The authors wish to declare, for the avoidance of any misunderstanding concerning competing interests, that a production company (Atlantic Productions), several television channels (History Channel, BBC1, ZDF, NRK) and a book publisher (Little Brown and co) were involved in discussions regarding this paper in advance of publication. However, to clarify, none of the authors received any financial benefit from any of these associations and these organizations had no influence over the publication of this paper or the science contained within it. The Natural History museum in Oslo will receive some royalty from sales of the book, but no revenue accrues to any of the scientists. In addition, the Natural History Museum of Oslo purchased the fossil that is examined in this paper, however, this purchase in no way influenced the publication of this paper or the science contained within it, and in no way benefited the individual authors.

I look forward to seeing the formal correction, but this statement does not address one of my primary concerns. On May 21 the Australian ran a story in which it revealed that at least one of the authors of the PLoS One paper was not happy with all the media involvement. According to the article, paleontologist Philip Gingerich had told the Wall Street Journal that;

There was a TV company involved and time pressure. We’ve been pushed to finish the study. It’s not how I like to do science.

If this is accurate then the media companies were not only engaged in discussions with scientists about the fossil, but actively pushed the authors to finish the study. As documented in one of Carl Zimmer’s earlier posts there was a definite rush to have the paper completed between its May 12th acceptance date and the May 19th press conference, but what about before that? Last month Adam Rutherford mentioned that the media blitz promoting the fossil was already in place before the scientific paper was submitted to a peer-reviewed journal, putting the scientists and PLoS One under quite a time crunch.

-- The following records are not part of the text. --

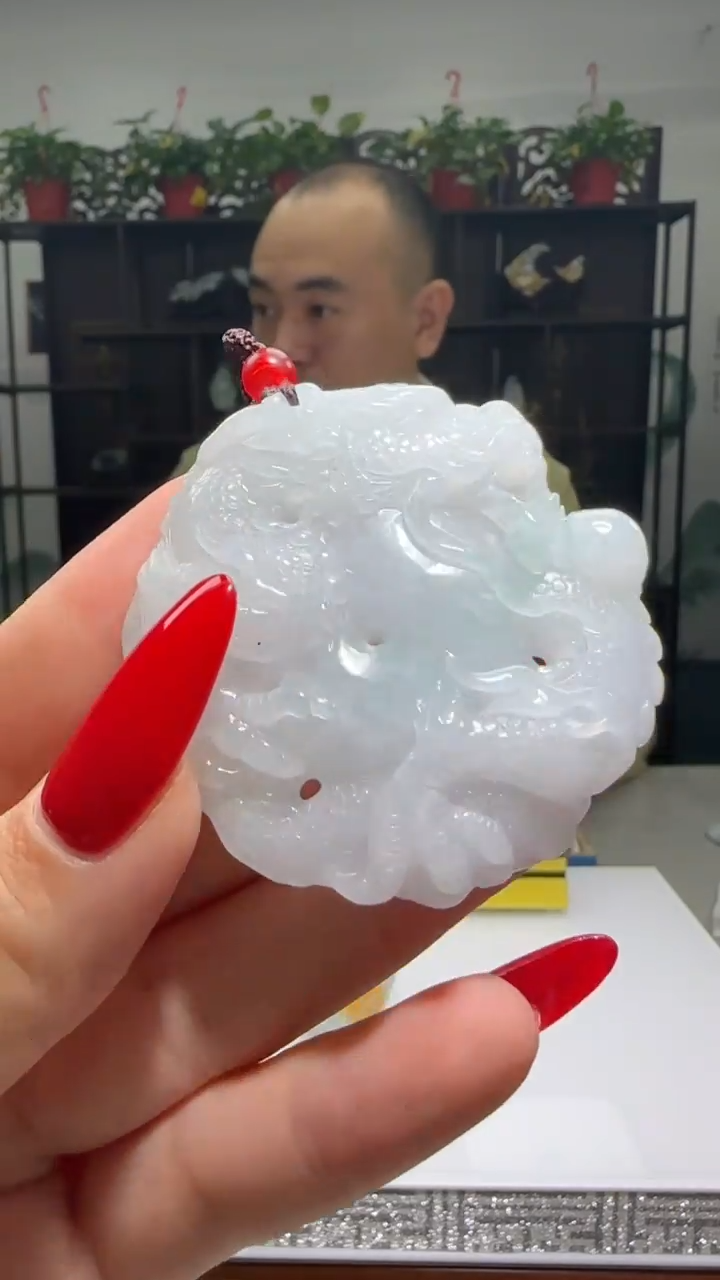 【闪购商品】翡翠颈饰未镶嵌天然翡翠A货吊坠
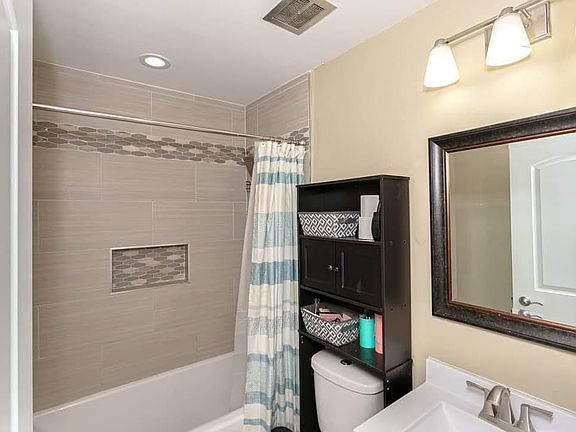 4th image of 3330 Grove Ave #3 N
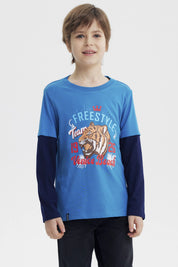 Polera azul petróleo para niño con diseño de tigre en el pecho estilo gráfico y texto Venice Beach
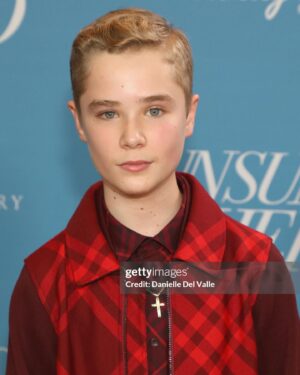 Diesel La Torraca Instagram - A Berry Burberry carpet 
@burberry 

Stylist:  @julianjohnson1 

What an honour and a blessing to be in Nashville for the premiere of Unsung Hero…

#Forever #grateful and #blessed for this film 🙏🏼
#unsungheromovie #nashville #premiere #burberry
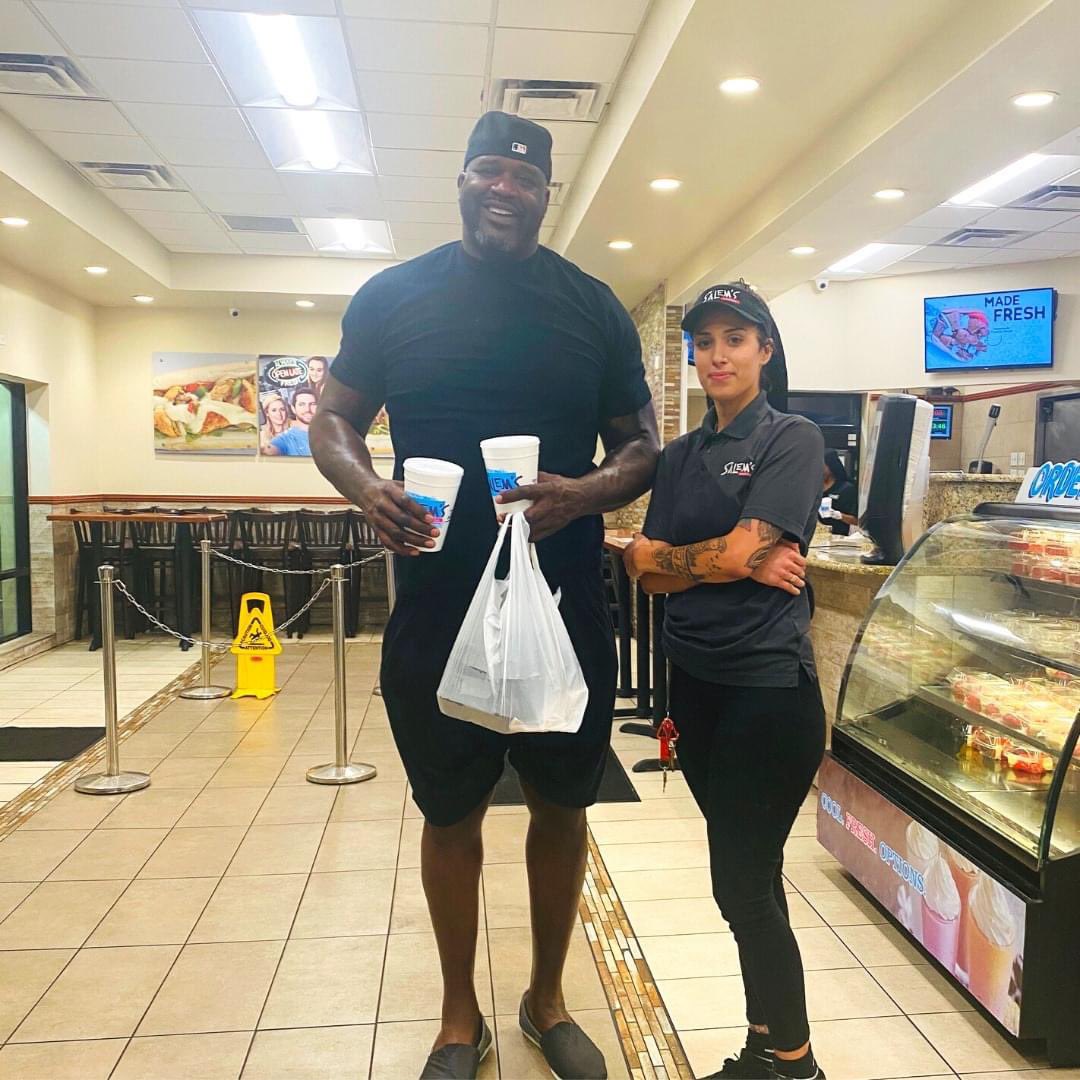 HennGriffey813's tweet photo. Damn Shaq done went to Gyro’s!!!!! He would go to the Brandon one though lol https://t.co/gJFaQv4pcc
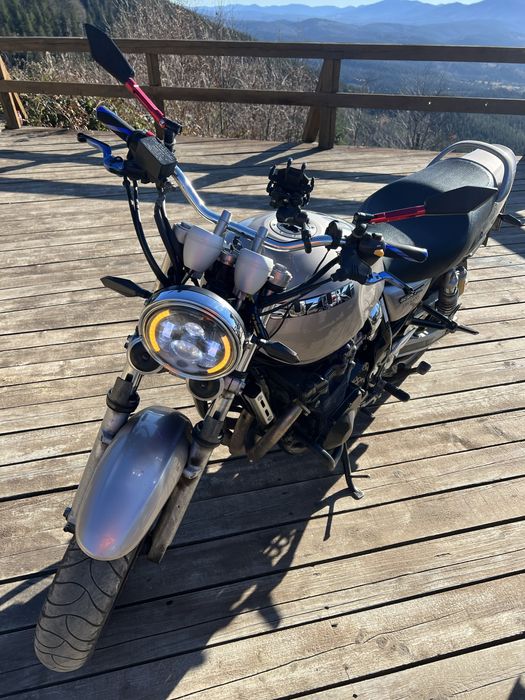 Suzuki gsx 750 inazuma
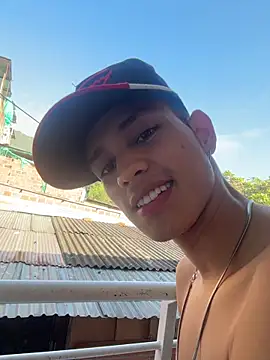 HarryGaze online show from February 26, 2026, 1:10 pm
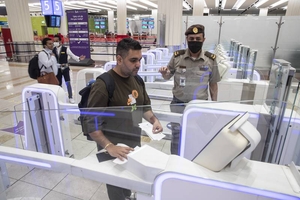 Пассажиров призвали регистрироваться на смарт-гейтах в аэропорту Дубая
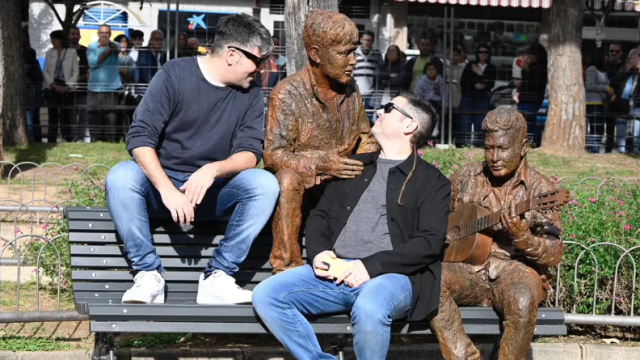 Los hermanos David Muñoz y José Muñoz, componentes del grupo musical Estopa, con su estatua homenaje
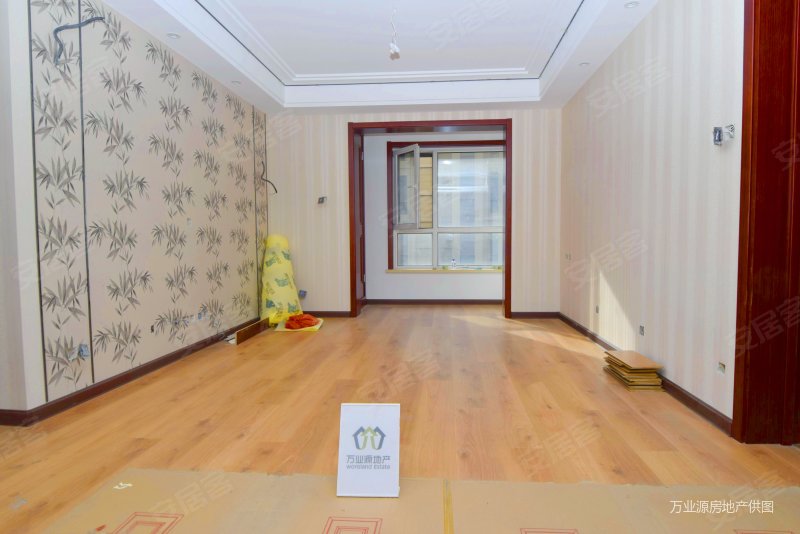 联发第五街 小三房 精装好房 交通便捷 近地铁 集中供暖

Given the comments made by Gingerich, Rutherford, and others, I think there are good reasons to believe that the media companies influenced the study of Ida. To what extent this influence was manifested, I cannot say, but it seems that, at the very least, the media companies put pressure on the scientists to rush their research. This may have even precluded the authors from submitting the paper to different journals. While Jorn Hurum has stated that PLoS One was the natural choice for the paper, the Australian reports that Gingerich was hoping that the paper would go to Science or Nature, journals that have much longer peer-review processes. (Not that either journal would necessarily be likely to bite given the attachment of the paper to Atlantic Productions, &c.) Is it possible that PLoS One was chosen not only for being open access, but also because of the quick turnaround the paper would require to appear by the date set for Ida’s unveiling?

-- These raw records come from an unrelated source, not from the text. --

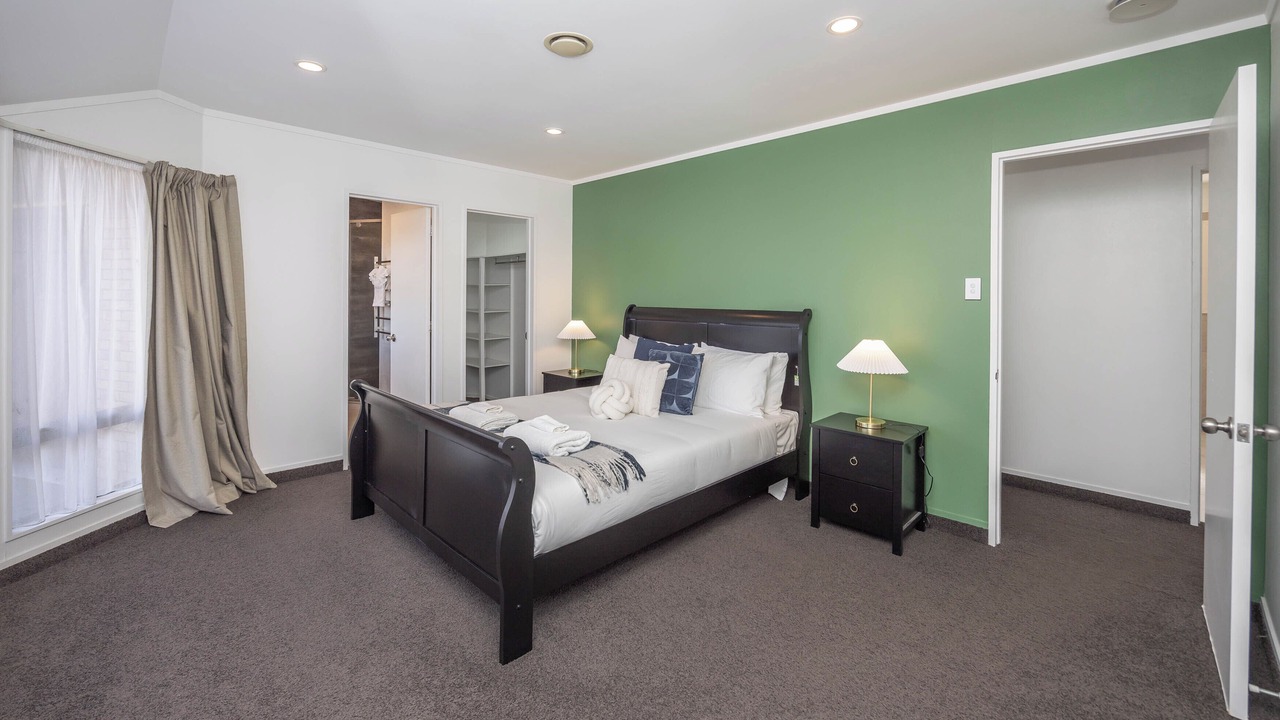 Photo of Bedroom in Hamilton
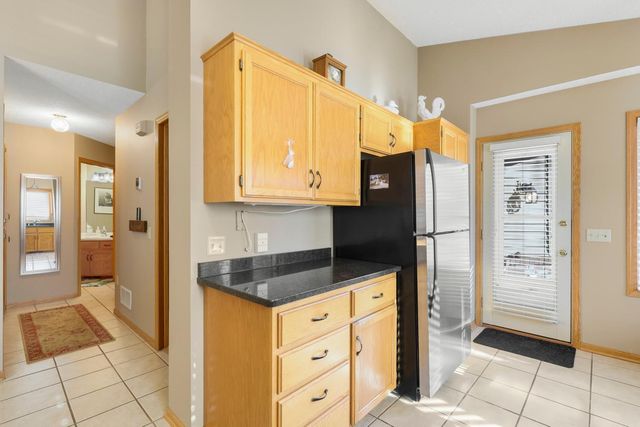 1100 Stratford Lane E, Burnsville, MN 55337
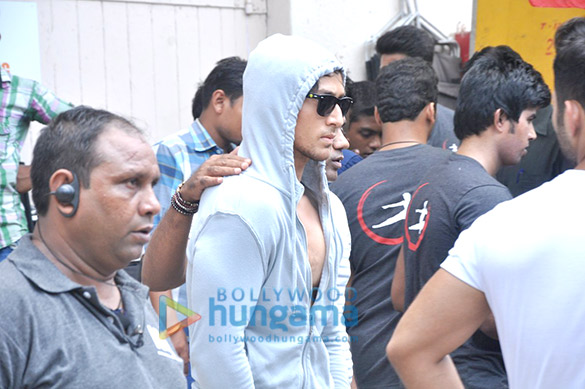 tiger shroff shraddha kapoor snapped on the sets of baaghi 6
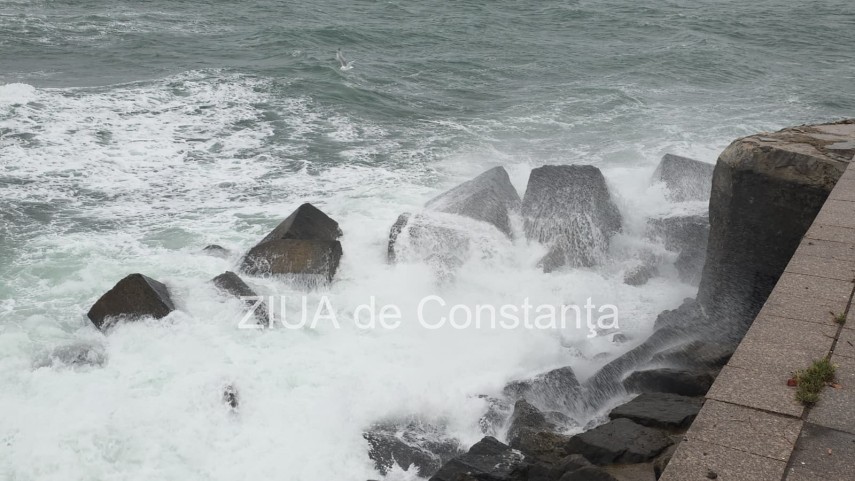 foto video spectacol al naturii pe litoral valuri mari pe faleza cazinoului din constanta 956469 foto video spectacol al naturii pe litoral valuri mari pe faleza cazinoului din constanta 956469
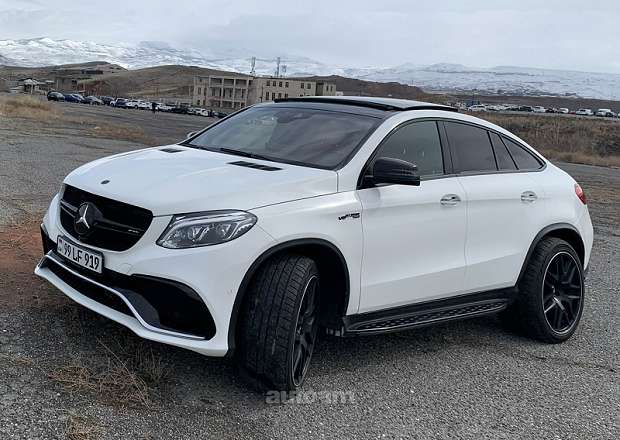 Mercedes-Benz GLE 43 AMG 2017 — photo 2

Given that PLoS One has been the party that has primarily been responding to issues about the paper, however, we might never know to what extent the media companies influenced the study of Ida. Hurum appears to have tightly coordinated his appearances with Atlantic Productions and the other authors have been all but silent. Perhaps they are not legally allowed to speak about what went on behind the scenes, and I doubt that the media companies would admit to rushing the scientists.

Indeed, while Darwinius was published in an open-access journal, at least some of the media companies involved exerted an extraordinary amount of control over Ida. The fossil was a brand, something to be promoted like a new album or blockbuster movie, and by keeping journalists and scientists in the dark Atlantic Productions, &c. would be able to ensure Ida got favorable coverage. (It’s akin to when a movie studio hypes an expensive movie but does not screen it for critics. If you are worried about criticism, then don’t let the critics see it until everyone else does.) This was not “open” science, but “science held hostage.”